Good find (on the open source copy of PON), Theurj.  And regarding the polarities he sees at the root of OOO, I'm glad to read that, since that confirms my sense of what OOO is doing (though Bryant appears to want to deny it).  In The Quadruple Object, I am just getting into his fourfold model (of two intersecting polarities) -- real objects, real qualities, sensual objects, sensual qualities (with the tensions between them described, I believe, as time, space, essence, eidos).

Dial, good questions.  To answer them in adequate depth, I think I'll need to reflect on them a bit (I've actually been doing just this -- exploring the interface of the two approaches -- and hope to write about it soon).  But to answer briefly, and perhaps to speak just to the obvious for now, Integral is concerned equally with questions of ontology and epistemology, and it also aims to serve a sort of meta-paradigmatic and meta-metaphysical function, so its scope would be necessarily broader than a particular metaphysical approach such as OOO.  In its purely descriptive / classificational function, Integral would "include" OOO in its catalogue of known, historically emergent ontological models.  However, Integral thought also appears to have its own ontological and epistemological commitments, and in that sense it can't simply "include" OOO; rather, it is better viewed alongside it, and can enter into critical dialogue with it.
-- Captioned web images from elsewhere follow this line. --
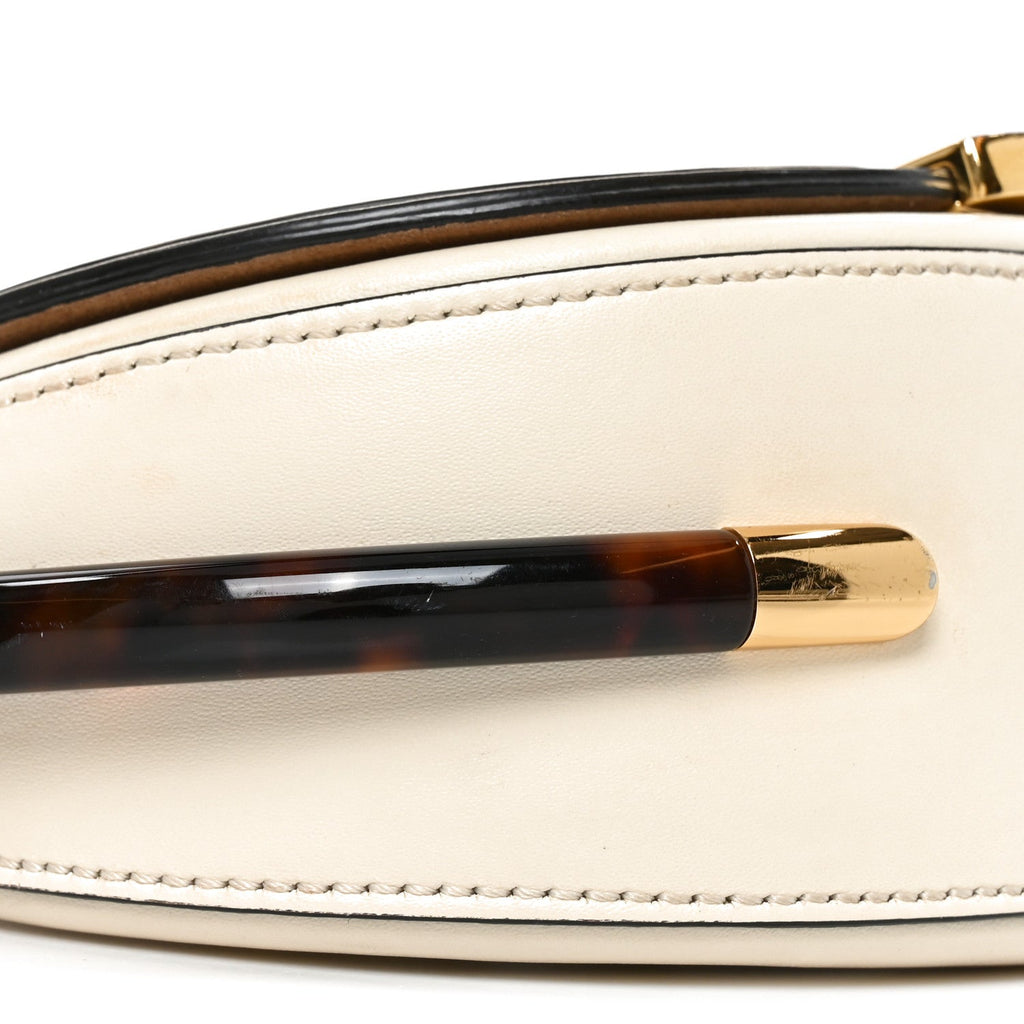 Vitello King Plexiglass Moonlight Shoulder Bag White Ice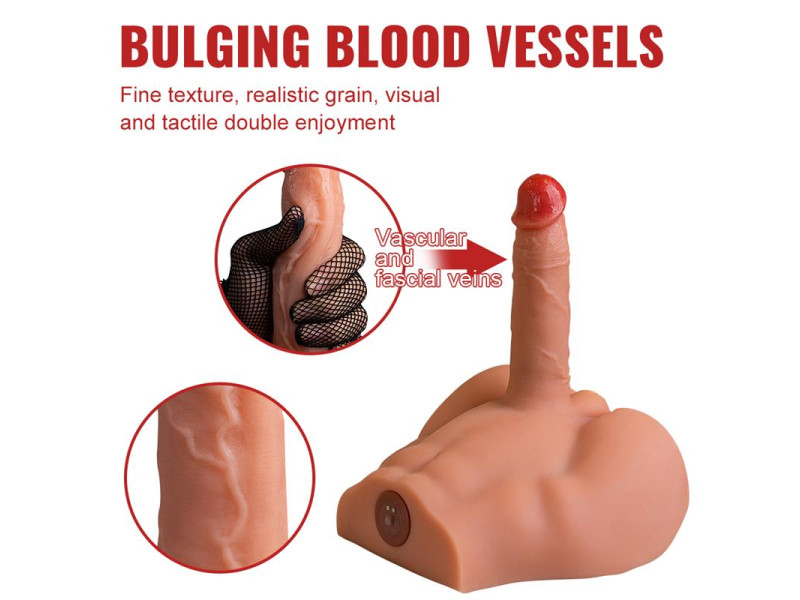 Peel Masturbador con Dildo y Ano Vibracion y Thrusting 27 kg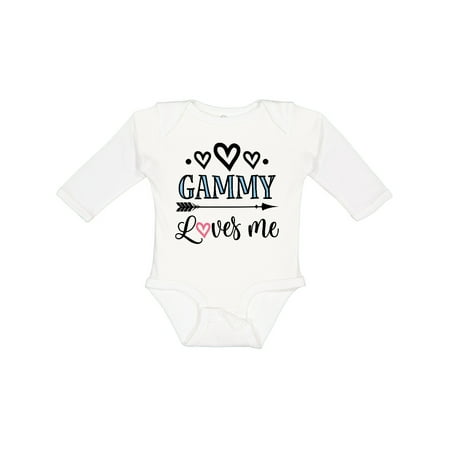 

Inktastic Gammy Loves Me Grandchild Gift Baby Girl Long Sleeve Bodysuit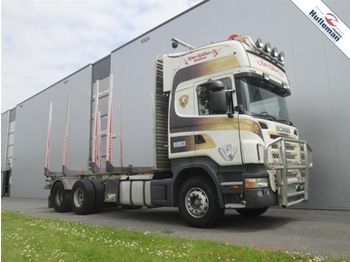 Scania R580 V8 6X4 MANUAL TOPLINE EURO 3  - Forestry trailer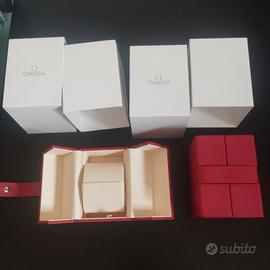 3 scatole orologio omega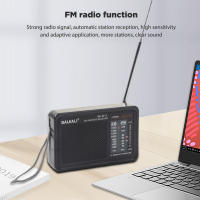 Mini Portátil Radio Digital AM FM MP3 Juguetes Y Juguetes De Speaker Stonego Dispositivos Para Pilas AA Estilo Vintage - details 5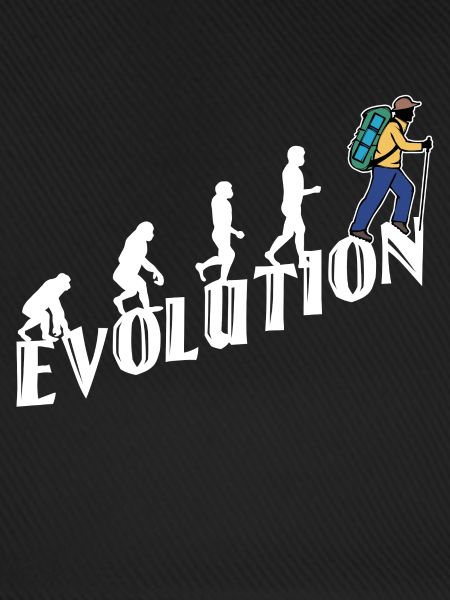 Evolution Wanderer Wandern Wanderung Bergwanderung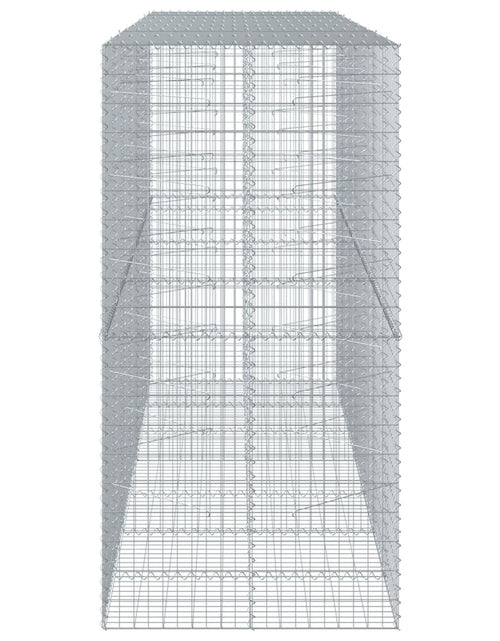 Încărcați imaginea în vizualizatorul Galerie, Coș gabion cu capac, 350x100x200 cm, fier galvanizat
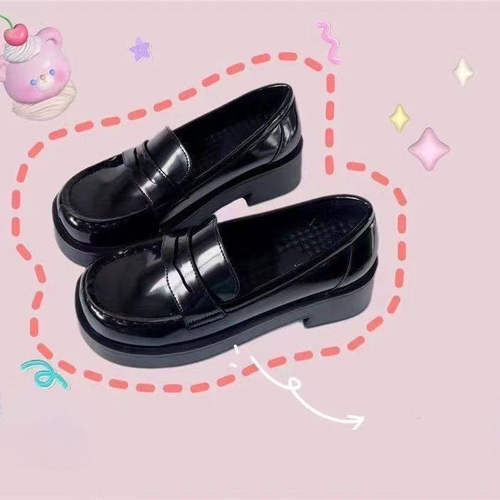 熊熊高暴走熊制服鞋原创鞋店百搭可爱洛丽塔低跟圆头lolita小皮鞋 - 图2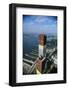 Twin Towers under Construction-null-Framed Photographic Print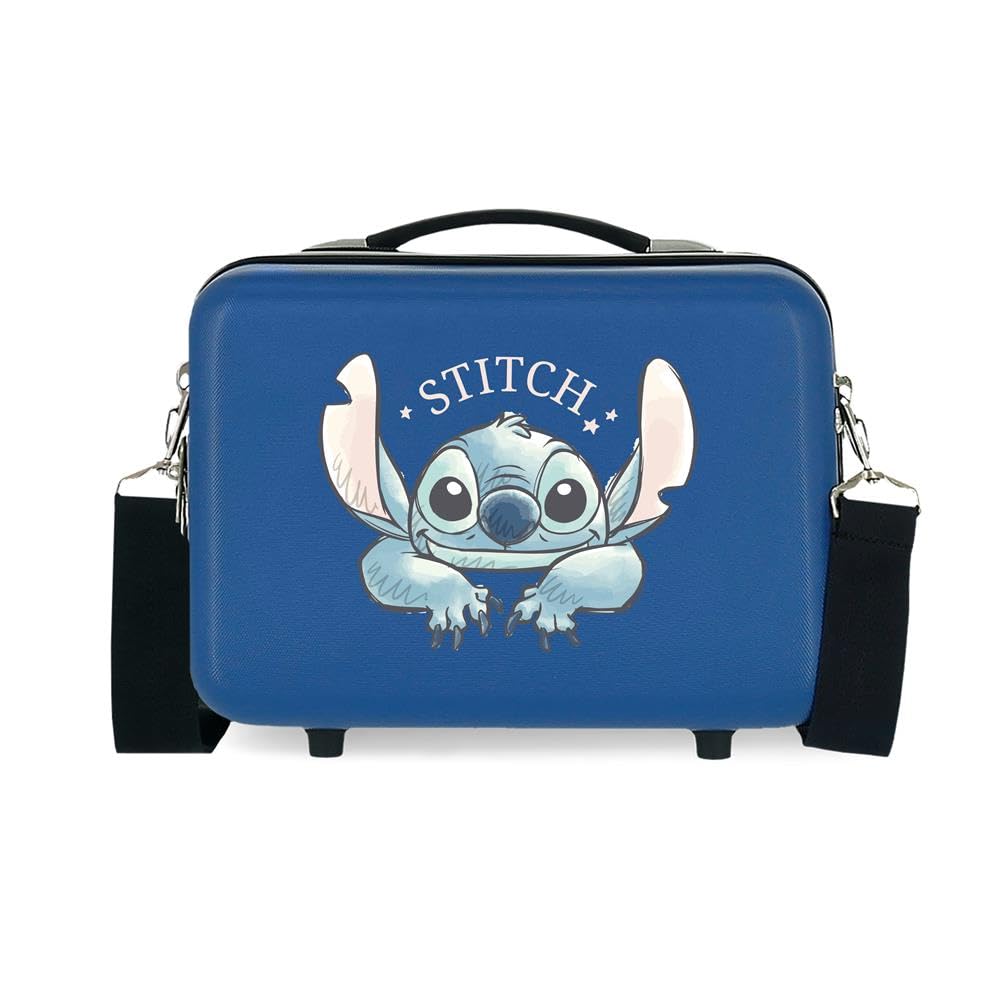 Disney Stitch Kids’ Suitcase, Cabin Suitcase, Medium suitcases and Luggage Set, Hard‑Shell ABS, Side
One of my reservations about OOO is its apparent subordination of relationship to an atomistic view (at least in some articulations of it).  I am more sympathetic to a both/and approach, which can toggle equally between individualistic and relational views.

Speaking of OOO and AQAL, Morton addresses AQAL in this post.  I will return to this -- for now, I just want to observe that I think he misreads the meaning of 'object' in AQAL.  His list of objects (the Pope, flapjacks, etc) could also be classified as objects in AQAL-speak.

A couple of quick points. Yes, AQAL could classify such as holons. But If I'm not mistaken (and I might be, not keeping up with the kenndashians) kennilingus still adheres to the distinction between sentient and insentient holons. Not only does OOO challenge this form of correlationism but Edwards does so as well, with similar sounding arguments from his AQAL perspective. Morton gets at this bias in his comments. Also I'm reminded of Edwards' critique of how kennilingus reduces the objective quadrant to exterior material stuff without the same developmental complexity as interior 'objects.' Granted there are places in kennilingus that say the material is just as complex, with the higher categories of subtle and causal 'exterior' objects, but this contention is neither consistent or coherent as we've examined before in this forum (probably the old one at Gaia). Also granted with the 'zones' there is an inside and outside to both interior and exterior quadrants but again Edwards breaks down the inconsistency in that AQAL concept and offers a way forward within the AQAL system.